Thursday, September 24, 2009

I've just finished reading The Secret Life of Prince Charming, by the ever-talented Deb Caletti, the author of Wild Roses and Honey, Baby, Sweetheart. My library card was full, but this nice lady (a mother, who was borrowing books for her pre-schooler) allowed me to use hers.

And as usual, Deb did not disappoint. My favourite is still Wild Roses - her best yet - but Prince is pretty good too. It's about this girl called Quinn, who grew up in a house full of ladies who have had their hearts broken by men - her mom, her aunt Annie, her grandma. They warn her against men, but she refuses to start getting cynical about love at the age of 17. She and her younger sister Sprout have just reunited with their father 3 years ago and are starting to know him. Quinn is hopeful, eager to find a bond with her father, and in awe of him, the performer (part of a circus band called the Jafarabad Brothers, or something like that). Sprout, however, is loyal to their mother and distrustful of their father. She's frustrated that Quinn can't see their father for the egotistical jerk he is. He loves no-one but himself.

When one day, Quinn finds a room full of prized items that she discovers were stolen from the women in her father's life, she decides to hunt down her half-sister, Frances Lee, who persuades her to go on a karmic quest to return those items to their rightful owners.
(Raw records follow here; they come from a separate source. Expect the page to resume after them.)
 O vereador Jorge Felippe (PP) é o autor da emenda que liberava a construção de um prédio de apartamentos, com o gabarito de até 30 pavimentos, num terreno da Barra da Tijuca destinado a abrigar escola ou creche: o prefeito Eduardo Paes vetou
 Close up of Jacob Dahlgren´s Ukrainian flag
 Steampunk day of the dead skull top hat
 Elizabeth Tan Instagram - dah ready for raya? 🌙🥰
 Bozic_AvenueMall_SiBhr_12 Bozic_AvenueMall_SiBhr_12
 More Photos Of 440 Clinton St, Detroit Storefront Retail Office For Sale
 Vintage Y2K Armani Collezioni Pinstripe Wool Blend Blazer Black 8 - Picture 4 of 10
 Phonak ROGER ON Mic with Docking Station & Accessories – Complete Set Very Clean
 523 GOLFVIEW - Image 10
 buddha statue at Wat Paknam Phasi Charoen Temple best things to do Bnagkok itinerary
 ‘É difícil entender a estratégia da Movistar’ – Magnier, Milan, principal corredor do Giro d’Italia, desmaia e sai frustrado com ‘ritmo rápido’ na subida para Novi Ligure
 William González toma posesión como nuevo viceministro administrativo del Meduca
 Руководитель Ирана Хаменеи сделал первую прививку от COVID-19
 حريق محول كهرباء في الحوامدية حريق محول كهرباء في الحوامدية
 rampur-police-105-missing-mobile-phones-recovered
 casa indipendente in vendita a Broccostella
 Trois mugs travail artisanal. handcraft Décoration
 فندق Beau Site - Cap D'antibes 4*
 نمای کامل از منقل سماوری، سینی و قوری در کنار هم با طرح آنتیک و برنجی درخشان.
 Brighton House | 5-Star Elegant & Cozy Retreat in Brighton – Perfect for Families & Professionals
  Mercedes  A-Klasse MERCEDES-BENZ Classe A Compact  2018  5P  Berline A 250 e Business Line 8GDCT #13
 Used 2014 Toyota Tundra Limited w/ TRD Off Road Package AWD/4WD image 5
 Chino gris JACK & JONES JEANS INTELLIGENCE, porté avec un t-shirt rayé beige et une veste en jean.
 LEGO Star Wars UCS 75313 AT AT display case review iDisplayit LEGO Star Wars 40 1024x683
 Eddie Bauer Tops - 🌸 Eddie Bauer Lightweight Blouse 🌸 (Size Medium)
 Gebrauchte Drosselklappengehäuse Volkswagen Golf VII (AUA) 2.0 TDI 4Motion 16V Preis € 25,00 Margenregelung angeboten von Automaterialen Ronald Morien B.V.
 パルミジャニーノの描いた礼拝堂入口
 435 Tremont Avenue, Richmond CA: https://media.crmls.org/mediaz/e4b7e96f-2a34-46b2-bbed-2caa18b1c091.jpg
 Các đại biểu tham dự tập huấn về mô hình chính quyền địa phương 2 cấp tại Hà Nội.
Along the way, Quinn meets Jake Kennedy, Frances Lee's younger brother (who's the same age as Quinn). And can I just say that he's the latest fictional character I've fallen in love with. He looks like a bad boy, with the serpent tattoo on his arm and those smouldering good looks (of course, Deb didn't use this expression to describe him - how cliched would that be?). But he once said to Quinn, "You're not the only one looking for something true." He's a sensitive soul who's had his heart broken before and just wants to find a love that is true and pure and simple. This is reminiscent of Cassie Morgan and Ian Water's love in Wild Roses. It's so heartbreakingly pure and uncomplicated - only Deb can create a love story like that. Plus, the guys aren't sappy. They're tender but they're not clingy or mushy; they joke around like Michael Moscovitz and have no underlying motives. They're so pure of heart it's almost impossible. But what is fiction but delightful escapism sometimes, eh?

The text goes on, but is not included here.